Kaushal M kshlmster at gmail.com
Wed Sep 9 05:51:11 UTC 2015

On Tue, Sep 8, 2015 at 4:53 PM, Atin Mukherjee <amukherj at redhat.com> wrote:
> On 09/08/2015 12:31 PM, Avra Sengupta wrote:
>> On 09/07/2015 05:50 PM, Kaushal M wrote:
>>> Hi Richard,
>>> Thanks a lot for you feedback. I've done my replies inline.
>>> On Sat, Sep 5, 2015 at 5:46 AM, Richard Wareing <rwareing at fb.com> wrote:
>>>> Hey Atin (and the wider community),
>>>> This looks interesting, though I have a couple questions:
>>>> 1. Language choice - Why the divergence from Python (which I'm no fan
>>>> of) which is already heavily used in GlusterFS?  It seems a bit
>>>> strange to me to introduce yet another language into the GlusterFS
>>>> code base.  Doing this will make things less cohesive, harder to
>>>> test, make it more difficult for contributors to understand the code
>>>> base and improve their coding skills to be effective contributors.
>>>> I'm a bit concerned we are setting a precedent that development will
>>>> switch to the new flavor of the day.  If a decision has been made to
>>>> shift away from Python for the portions of GlusterFS where
>>>> performance isn't a concern, will the portions currently written in
>>>> Python be re-written as well?  I also question the wisdom of a
>>>> language will a shallow developer pool, and a less development
>>>> process (somewhat of an ironic choice IMHO).
>>> One of our aims for GlusterD-2.0 was to switch to a higher level
>>> language. While C is good for solving lower level performance critical
>>> problems, it isn't best suited for the kind of management tasks we
>>> want GlusterD to focus on. The choice of Go over Python as the higher
>>> level language, was mainly driven by the following
>>> - Go is easier to a hang of for a developer coming from a C
>>> background. IMO for a developer new to both Go and Python, it's easier
>>> to start producing working code in Go. The structure and syntax of the
>>> language and the related tools make it easier.
>>> - Go has built into the language support (think goroutines, channels)
>>> for easily implementing the concurrency patterns that we have in the
>>> current GlusterD codebase. This makes it easier for us think about
>>> newer designs based on our understanding of the existing
>>> implementation.
>>> - We have concerns about the concurrency and threading capabilities of
>>> Python. We have faced a lot of problems with doing concurrency and
>>> threading in GlusterD (though this is mostly down to bad design).
>>> Python has known issues with threading, which doesn't give us
>>> confidence as python novices.
>>> - Go has a pretty good standard library (possibly the best standard
>>> library), which provides us with almost everything required.
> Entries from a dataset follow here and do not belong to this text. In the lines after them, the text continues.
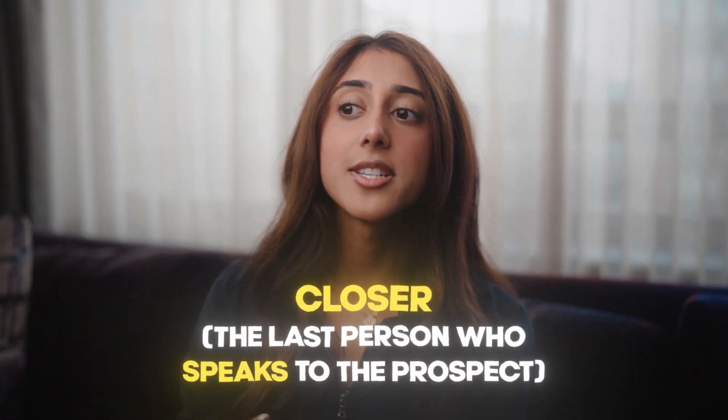And of course, the closer. A closer is the last person that speaks to the prospect before the prospect buys, or doesn't buy, the program. A closer's job is to understand the prospect's pain points and really guide them and show them how the product they're selling is the solution to their problems — and then close them, but hopefully PIF them. I'll explain what PIF means in a second.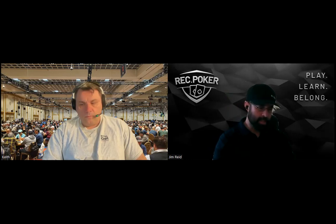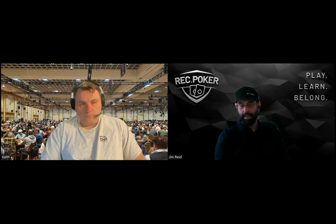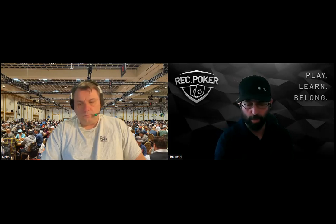This month was a hand history review where Ryan LaPlante and Rob Gardner were going through a few hands from some live play of Ryan's. This was a live hand history review, which is a great way to get inside the heads of the pros as they're making decisions.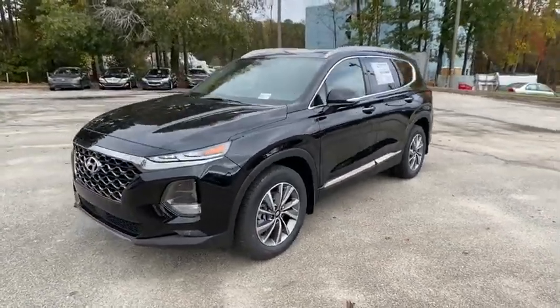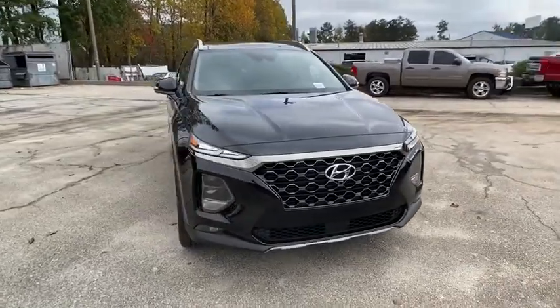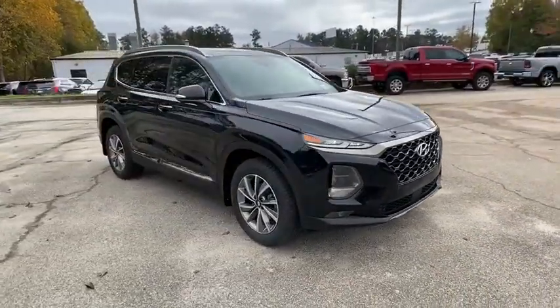You are going to love the 2020 Hyundai Santa Fe. Style, quality, performance, value. Need we say more?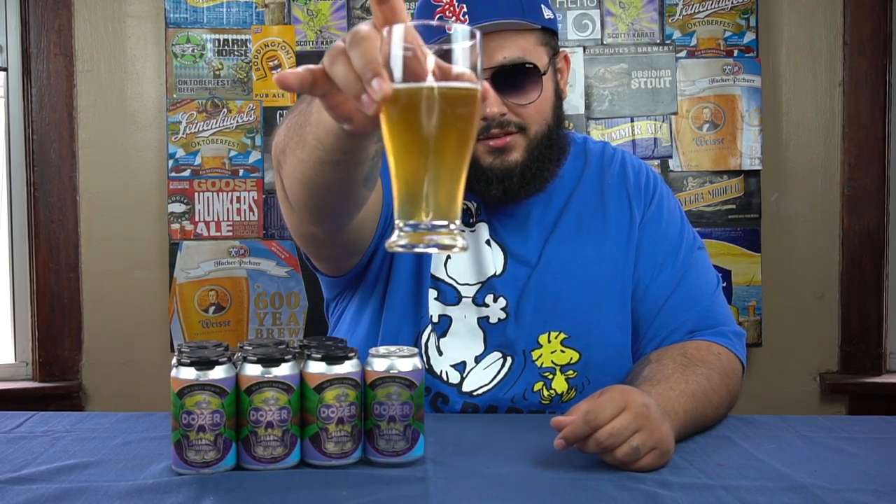Other than that, you guys enjoy your day, your night, whatever it is — your weekend, weekday, after work. Enjoy it. I'm gonna enjoy this beer. You guys stay thirsty.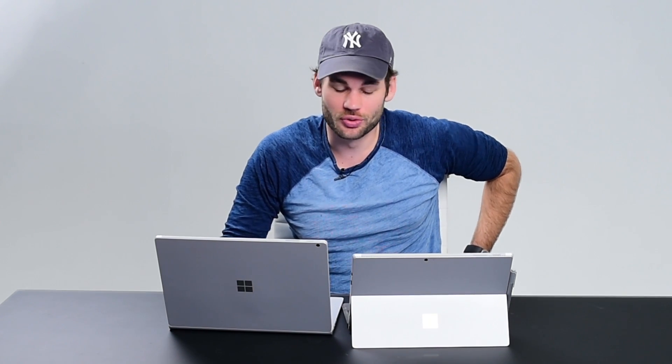What's up guys? I am Lee Morris with fstoppers.com and right here in front of me I have the brand new Surface Book by Microsoft and the Surface Pro 4. In this video I'm going to go through some of the things that I've learned while using both of these units to help you guys decide which one you may want to buy.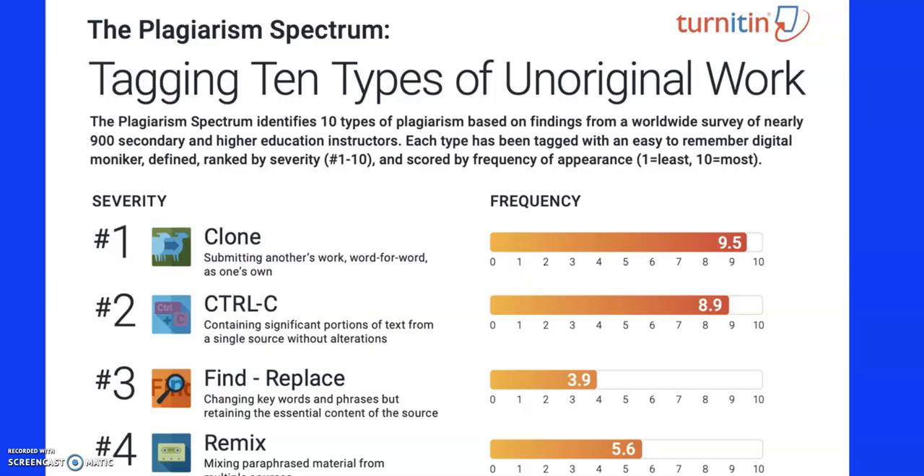This is an interesting thing from Turnitin, which a lot of schools use. It's quite powerful software that checks work against other work on the internet. It lists different types of problems — on the left is the severity, with number one being the most severe, and on the right is the frequency that it happens. The most severe one is obviously putting somebody else's work in as your own, and you can see it happens quite frequently. It's also very easy to detect.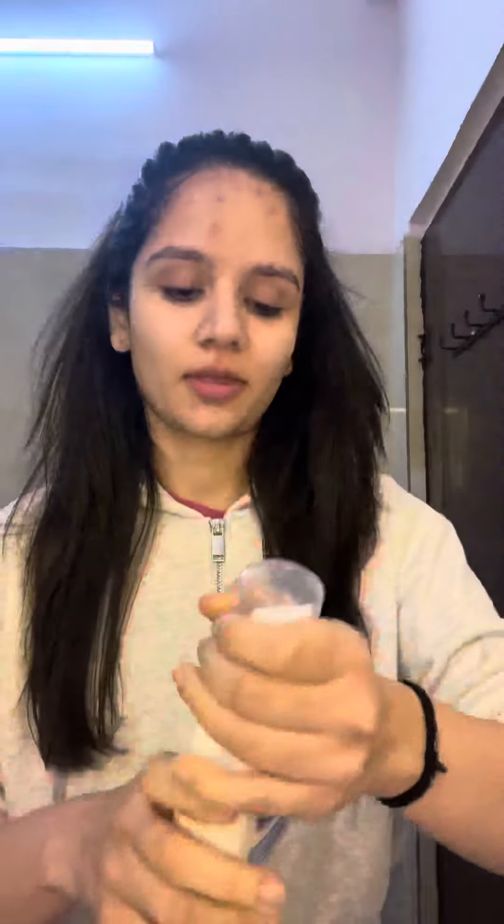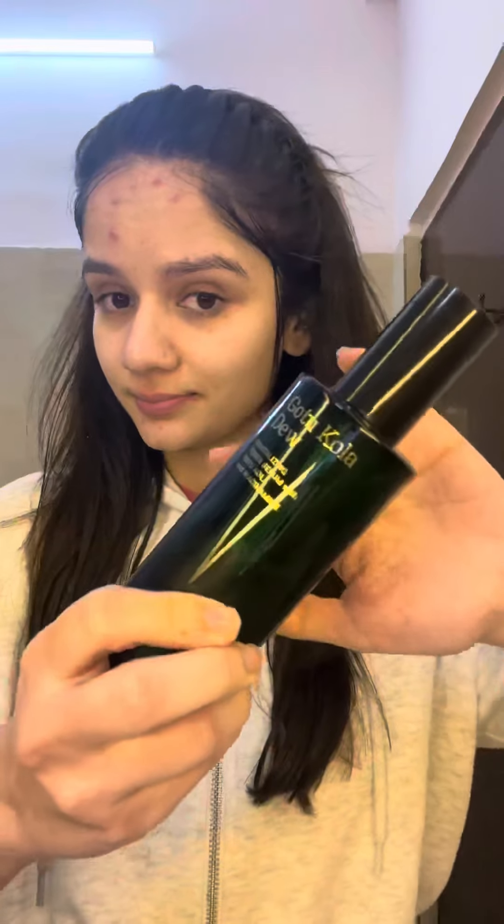Double cleansing has made all the difference in my skincare routine. I'm using the one by Dortund Key — I've just applied a generous amount and rinsed my face. Next I'm using a gentle foaming cleanser, this is from Cetaphil. Now I have double cleansed my face, tapped it dry.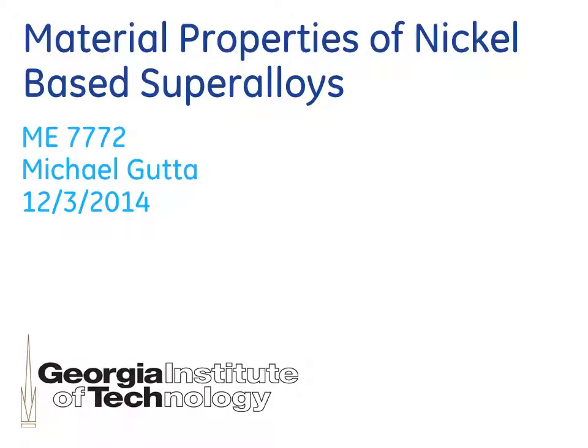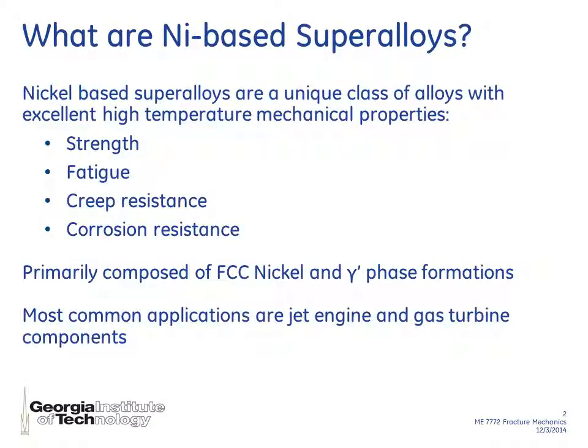Hi everyone, my name is Michael Gouda and today I'll be giving an introduction on nickel-based superalloys. These are a unique class of alloys that exhibit excellent high temperature properties such as strength, fatigue, creep resistance, and corrosion resistance. They are composed primarily of FCC nickel along with a number of other elements that make up a gamma prime phase formation.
This
>>> reduces the number of dependencies that we pull in.
>>> That's not to say Go doesn't have it's drawbacks. The major drawback
>>> that I see currently with Go is that it doesn't have a way to do
>>> plugins (dynamically load and execute binaries). But there have been
>>> recent developments in this area. Go 1.5 landed support for building
>>> Go packages as dynamic libraries. There is design ready to support
>>> runtime loadability (plugins) ready, which is targeted for inclusion
>>> in Go 1.6. As Go follows a 6 month release cycle, 1.6 is scheduled for
>>> a Feb 2016 release, we need not wait too long for this to land. In the
>>> meantime, we plan to build up the rest of the infrastructure required.
>> [AVRA]: There are other components like snapshot, geo-rep management
>> which are closely tied with the glusterd code base today. In order to
>> scale glusterd we have to change the current design and most of these
>> components might have to re-write some parts of it, to play well with
>> the new glusterd. This is completely acceptable, as it brings along
>> solution to a lot of pain points these components have been suffering from.
>> But we also have to look at the developer base currently contributing to
>> these components too. Most of the snapshot and geo-rep code base (going
>> with these examples as I myself have contributed code in them), is
>> written in C and python, and the developers contributing to the same are
>> well versed in those languages. For them to be expected to pick up a new
>> language, and re-writing the components in that language, might be a bit
>> far fetched. I would assume, glusterd would be providing an interface,
>> for other components to interact with it, without enforcing the choice
>> of language. And if so, would such an interface have any impact on the
>> design or performance of these components.
> We are not restricting ourselves to a specific language as far as
> features pluggability is concerned and that's the end goal of it.  The
> overall idea is to come up with a framework where each features
> (independent of language) can be plugged in dynamically.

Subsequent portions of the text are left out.